Berkshire Hathaway shareholder Darren Pollock encouraged by Warren Buffett’s bet on a gold miner and share buybacks

Warren Buffett’s Berkshire Hathaway made a surprise investment in Barrick Gold last quarter, its latest portfolio update revealed.

It’s a promising move by the famed investor’s conglomerate, Darren Pollock, a portfolio manager at Cheviot Value Management, told Business Insider.

“The biggest and most encouraging news from the filing is Berkshire’s willingness to buy a gold mining company despite Buffett’s public dissertations against owning gold,” Pollock said.

Cheviot has counted Berkshire as its biggest holding for more than 20 years, and it owns $50 million of the company’s stock.

Cheviot also boasted a $15 million stake in Barrick after boosting the position by 30% this past March.

Buffett has repeatedly criticized gold as an investment because it isn’t a productive asset like a farm or business, and it has historically underperformed stocks.

Given his clear disdain for the metal, it is possible that one of his two investing deputies, Ted Weschler and Todd Combs, actually bought the Barrick shares, Pollock said.

“The younger portfolio managers are not beholden to Buffett’s recent views on precious metals,” he noted.

Pollock outlined several reasons why Berkshire may have decided to break from tradition and back a gold miner.

  • The price of gold is strongly correlated to the US federal budget deficit, as a deficit signals to investors that the economy is suffering and they should park their cash in “haven” assets such as gold.

The deficit has ballooned this year, and may remain elevated for years as stimulus policies drive up government spending and a depressed economy weighs on tax revenues, Pollock said.

  • The gold price moves inversely to interest rates, as low rates make it more appealing for investors to buy gold instead of holding cash that earns almost nothing in the bank, or government bonds paying paltry yields.

The Federal Reserve is likely to keep interest rates low for years to encourage spending, minimize borrowing costs for consumers and businesses, avoid sparking a wave of loan defaults, and shore up economic growth, Pollock said.

“Gold should have the wind at its back for some time,” Pollock said.

Berkshire’s stock selection was also on point, he continued, as Barrick is “a top tier gold mining company, with mines in safe jurisdictions, run by excellent management.”

“CEO Mark Bristow has overseen a great improvement in the business, reducing debt, keeping costs low, and achieving great increases in free cash flow,” he added.

Banking on Berkshire and Bank of America

Buffett and his team slashed two of their biggest positions, JPMorgan and Wells Fargo, last quarter. They also ditched the “big four” airline stocks, dumped their remaining shares in Goldman Sachs, and trimmed their stakes in other financial companies including BNY Mellon, PNC, and US Bancorp.

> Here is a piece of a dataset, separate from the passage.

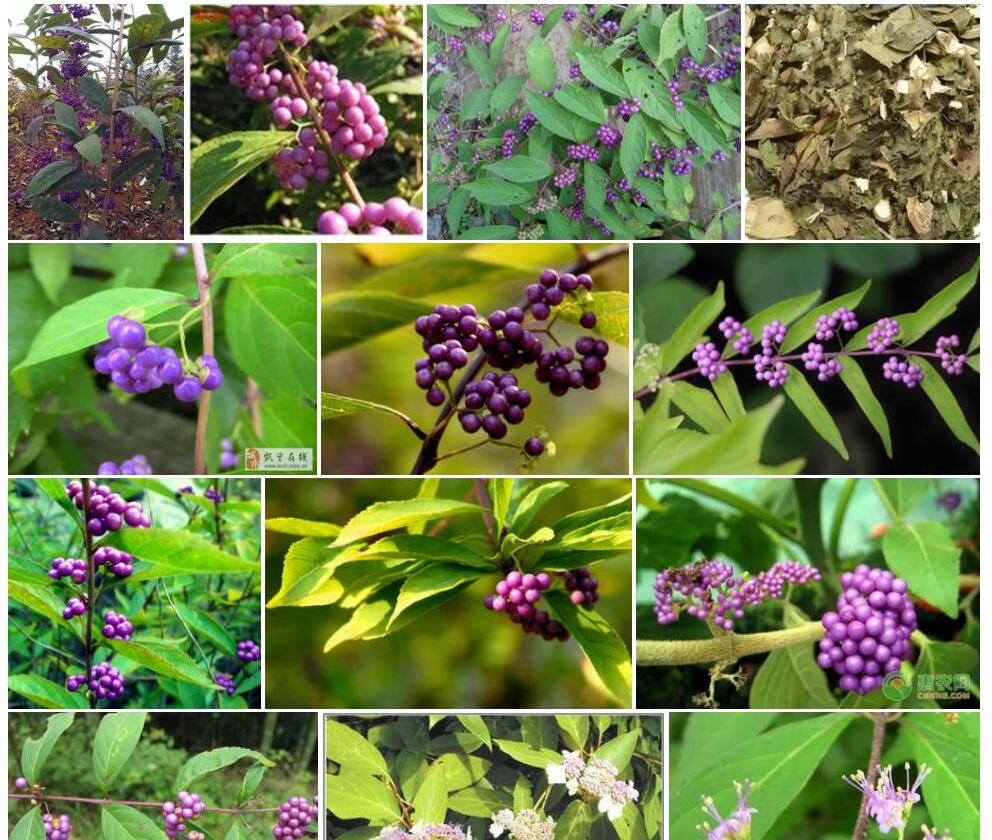 广东紫珠Callicarpa-kwangtungensis图片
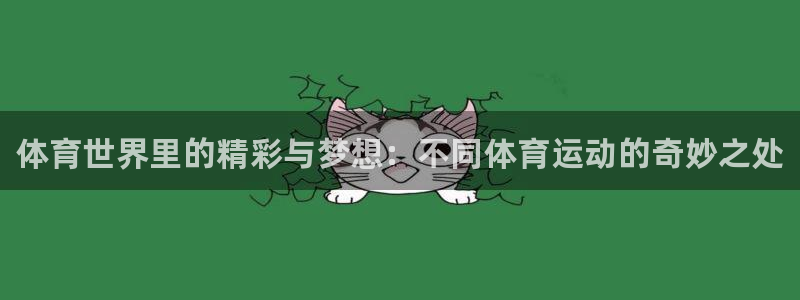 J9官方正版app娱乐下载：体育世界里的精彩与梦想：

As a result, Berkshire’s net stock sales hit their highest level in more than a decade, Pollock said. The last time they came close to that amount was the fourth quarter of 2009, a year after the financial crisis struck, he added.

However, Berkshire’s bosses went on to plow more than $2 billion into Bank of America stock in the three weeks to August 4. They also bought back more than $5 billion of Berkshire stock last quarter, and likely repurchased another $2 billion worth in July.

Buffett is arguably sending mixed messages by backing a gold miner and dumping stocks, then betting big on Bank of America and executing record share buybacks. He may simply be picking favorites, Pollock said.

The bank sales “may indicate that Buffett believes Bank of America is the best-positioned large bank to weather the difficult economic terrain ahead,” he said.

Bank of America CEO Brian Moynihan has been a formidable leader over the past decade, and at 60 years of age, could be in charge for a while yet, Pollock continued.

Meanwhile, Buffett’s record stock buybacks represent a wager on his own company, and Pollock is “quite pleased” to see aggressive repurchases at a compelling price.